> HOW TO COMPLETE THIS TASK:
Please output the listing below character for character and omit the images.

> DATA BLOCK:
● ● ● ●

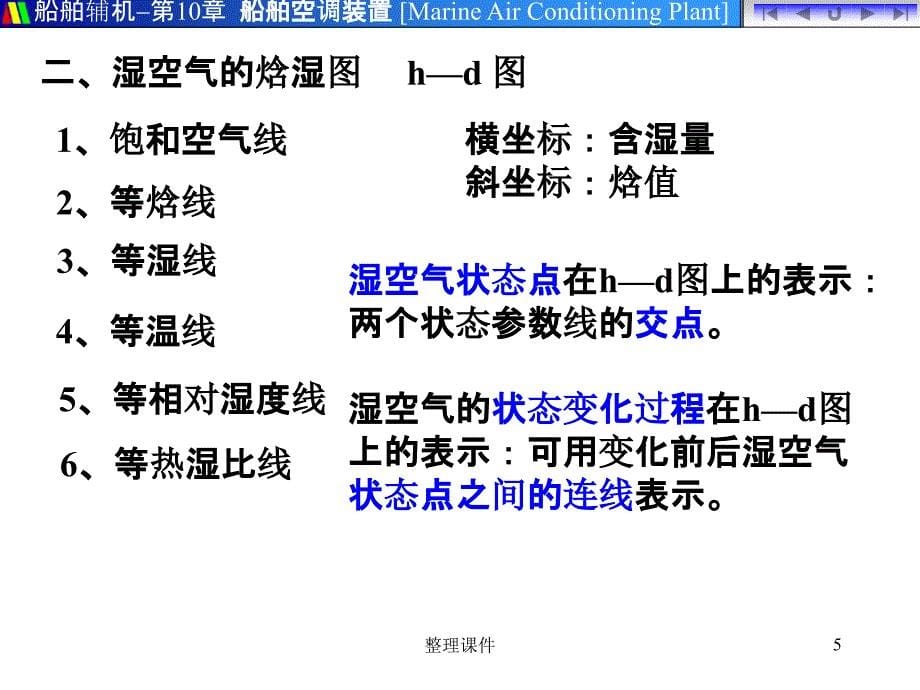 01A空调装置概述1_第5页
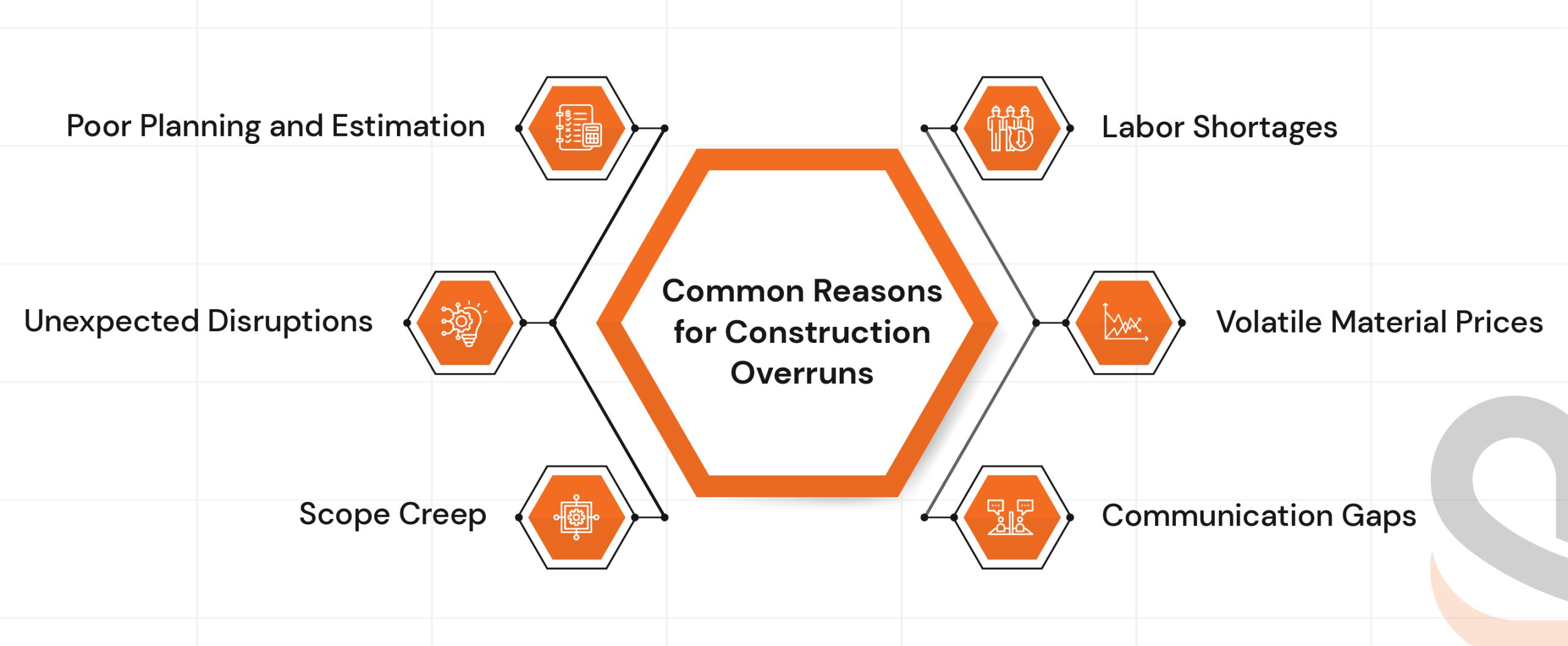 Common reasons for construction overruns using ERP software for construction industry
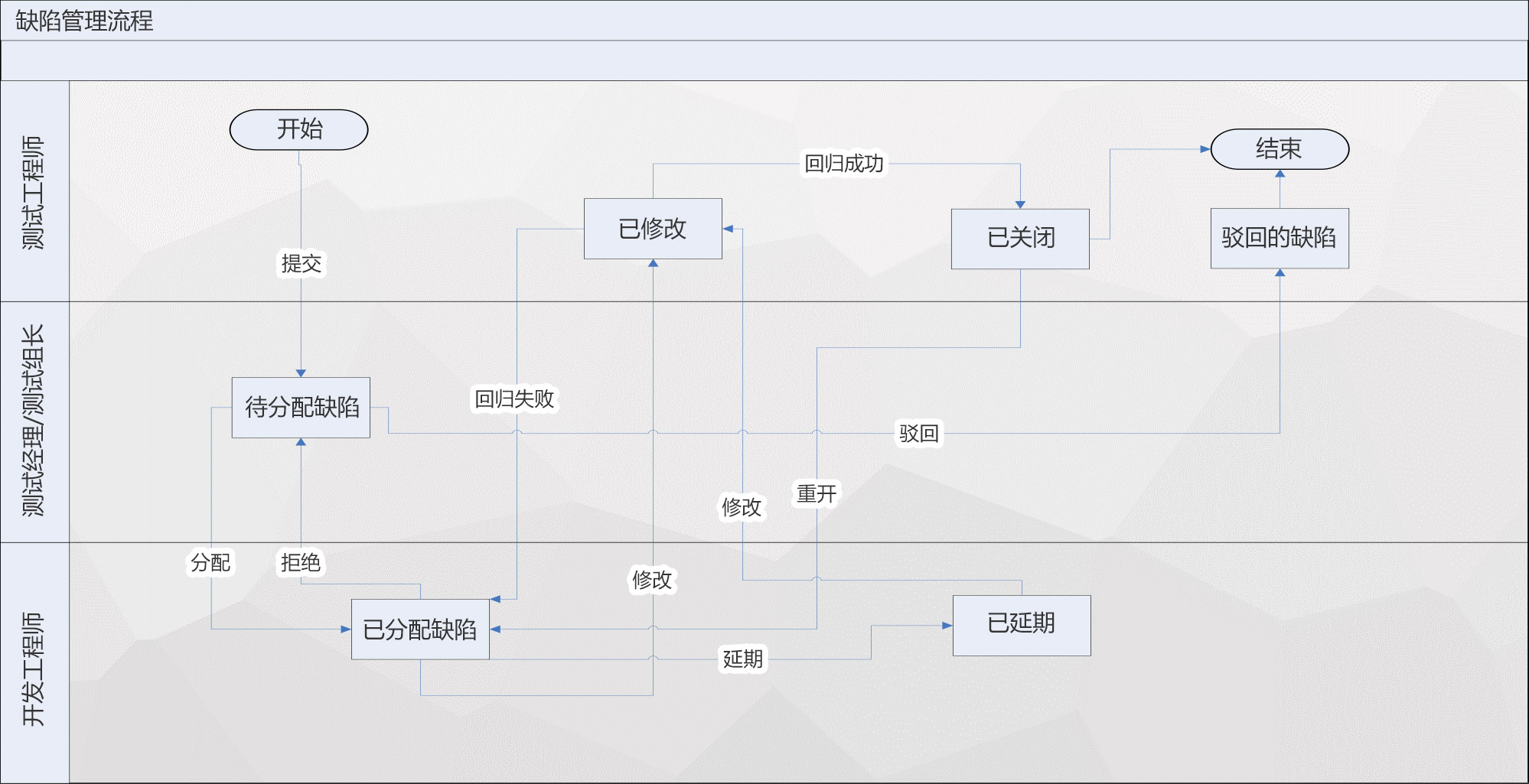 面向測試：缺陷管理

● ● ● ●

> RESULT OF THIS EXERCISE:
 01A空调装置概述1_第5页
 Common reasons for construction overruns using ERP software for construction industry
 面向測試：缺陷管理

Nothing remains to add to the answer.